才扫平江北,萧弈就只带了一千铁鹞军,经正阳浮桥渡淮河北上,长驱颍州。

马蹄北上,直到在颖上县遇到了阻拦,前方官道骤然收束,两侧隆起土岗,间宽不过两丈。

一道临时夯筑的土障墙耸起,拒马、长斧攒动,岗筑弩台上弓弩手齐上弦,箭矢如林,显得十分警惕。

旗门上,一个校将露出头盔,扬旗喝令。

「镇安军地界,无留後手令,任何兵马不得擅入!」

「大帅。」胡凳上前,道:「是否上前喝令他放行?」

「不,拿弓来。」

在萧弈看来,彼此既已撕破了脸,当取对方性命,赵弘殷若有魄力,该打开关隘放行再半路伏击。
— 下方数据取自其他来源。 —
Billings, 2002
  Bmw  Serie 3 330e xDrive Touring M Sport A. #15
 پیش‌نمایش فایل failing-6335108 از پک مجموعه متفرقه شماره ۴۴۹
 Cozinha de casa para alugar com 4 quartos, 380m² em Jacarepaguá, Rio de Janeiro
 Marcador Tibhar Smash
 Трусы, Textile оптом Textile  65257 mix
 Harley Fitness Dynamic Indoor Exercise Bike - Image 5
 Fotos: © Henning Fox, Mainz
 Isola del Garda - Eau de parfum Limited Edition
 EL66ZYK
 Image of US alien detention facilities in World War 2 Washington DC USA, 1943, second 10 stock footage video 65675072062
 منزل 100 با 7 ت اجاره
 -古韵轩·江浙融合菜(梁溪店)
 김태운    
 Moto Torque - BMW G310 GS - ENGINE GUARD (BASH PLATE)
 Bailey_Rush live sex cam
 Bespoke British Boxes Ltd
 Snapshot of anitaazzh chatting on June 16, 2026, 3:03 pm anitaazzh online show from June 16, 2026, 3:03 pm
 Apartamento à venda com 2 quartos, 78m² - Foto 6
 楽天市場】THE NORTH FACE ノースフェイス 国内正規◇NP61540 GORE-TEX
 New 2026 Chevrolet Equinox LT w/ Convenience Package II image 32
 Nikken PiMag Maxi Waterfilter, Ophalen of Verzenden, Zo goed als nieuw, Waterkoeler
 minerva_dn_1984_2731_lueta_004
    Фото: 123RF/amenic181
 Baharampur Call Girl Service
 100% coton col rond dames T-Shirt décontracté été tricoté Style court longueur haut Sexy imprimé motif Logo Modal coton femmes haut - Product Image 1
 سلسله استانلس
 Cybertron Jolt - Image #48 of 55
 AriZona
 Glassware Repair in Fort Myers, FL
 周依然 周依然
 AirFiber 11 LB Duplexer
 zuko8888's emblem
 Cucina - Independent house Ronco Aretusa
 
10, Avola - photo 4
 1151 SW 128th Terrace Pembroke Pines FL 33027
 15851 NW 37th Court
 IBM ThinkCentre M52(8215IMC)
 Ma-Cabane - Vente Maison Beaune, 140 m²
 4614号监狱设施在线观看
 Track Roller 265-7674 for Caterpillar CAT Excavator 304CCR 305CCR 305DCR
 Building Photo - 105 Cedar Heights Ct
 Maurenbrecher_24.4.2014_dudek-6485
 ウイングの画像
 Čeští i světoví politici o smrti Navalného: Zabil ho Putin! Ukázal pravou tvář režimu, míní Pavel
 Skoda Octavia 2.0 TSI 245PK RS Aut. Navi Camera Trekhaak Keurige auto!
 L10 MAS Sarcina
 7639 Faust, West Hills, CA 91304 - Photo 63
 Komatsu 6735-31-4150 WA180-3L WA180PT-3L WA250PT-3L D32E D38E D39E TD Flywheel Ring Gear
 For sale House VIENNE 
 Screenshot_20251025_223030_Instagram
此时却连颖州地界都不敢放他进,无非是心虚了,畏惧他的兵锋,没有交战的信心。

既如此,更该狠狠压一压。

「无诏擅入颍州地界形同谋逆,还请折返————」

「嗡。」

萧弈手指一松,弓箭倏地如流星贯出。

对面拦路的校将没等到他们回应,犹在大喊,话音未落,人已栽倒在地。

「杀过去。」

「杀!」

难得这次不是水陆混战,铁鹞军骑兵如离弦之箭,顷刻便杀入土隘。

守军大抵也没想到他们会如此凶狠,主将一死,顿时大乱。

虽说赵弘殷够谨慎,可萧弈从濠州杀个回马枪的速度却太快,防御工事尚未建成,一场厮杀,还是他夺了关隘。

当夜他在颍上县城外屯兵。

紮好营,南北的情报消息随着信使汇聚在大帐之中。

萧弈先是看了南边的军务,其中有一份军中舆情,王晏常私下对人说他整编两淮大营之时,曾许诺过其主镇濠、光二州,如今便有些迫不及待了。

眼下诸事未定,未免也太心急了些。

正看着,帐外忽有牙兵通禀道:「大帅,在开封打探消息的探子回来了。」

「进来吧。」

濠州之战时,萧弈更担心的还是中原方面的掣肘,派了不少人前去盯着,所幸,一直到战事结束,朝廷都没有趁机对他下手。

不一会儿,一个身形瘦小、样貌普通的汉子趋步入帐。

「见过大帅。」

「不必多礼,可知陛下如何了?」

「卑职多方打探,收买了几位御医府中的奴仆,能确定天子近来正在病中,将朝政交由郭荣处置,甚少理政。」

「是病重?不是秘不发丧?」

「据卑职所知,十日前小朝会,天子在起居殿曾露过面。」

「你见到郭五娘了吗?」

「不曾,听说公主深居宫闱侍疾,已久不见外人。」

萧弈也不知这「外人」两字是谁定的。

他不露声色,问道:「别的消息呢?」

「大攻打濠州之时,朝中有不少官员上奏,扬言该趁机除逆,请天子下诏把两淮行营都部署之职改授他人,并称若大帅不肯交出兵权,当遣禁军上将,起蔡、颖、申、徐州等淮北诸地之兵马讨伐。但郭荣力排众议,将一众上书官员尽数贬谪,甚至在朝堂上当众叱责众臣,力挺了大帅。」

「他如何说的?」

「原话是萧弈统兵两淮,乃陛下之明诏,疆场鏖战正烈,岂容朝令夕改?我大周驭臣有道、英贤辐辏,是以兵威震江左,荡平南唐指日可待」,诸臣便言大帅有怨气,已有异心,郭荣便又说————」

「说他信我?」

「是。」

「知道了。」

萧弈默然片刻,依旧脸色平淡。

他素知郭荣格局宽广、有容人之量,若真不是明君,反倒好办了。

想来,郭荣必不只是一味信他,而是已在布局掌权。

但此事也让他忽然明白郭荣与赵匡义的区别,换作赵匡义掌权,当然是排除异己、稳固权位更重要了。

反正不管接下来与郭荣如何博弈,他打算先除掉赵匡义。

次日,提兵颍州。

却见四城紧闭,唯城头「赵」字大旗迎风招摇。

萧弈於是侧头看向军中的一人,道:「看来,唯有请白公出马了。」

白重赞才经历丧子之痛,双眼布满了红血丝,神态却并不萎靡,也确实顾不上萎靡,若依李景达收到的信件,勾结南唐、煽动譁变的大罪就得落在他头上。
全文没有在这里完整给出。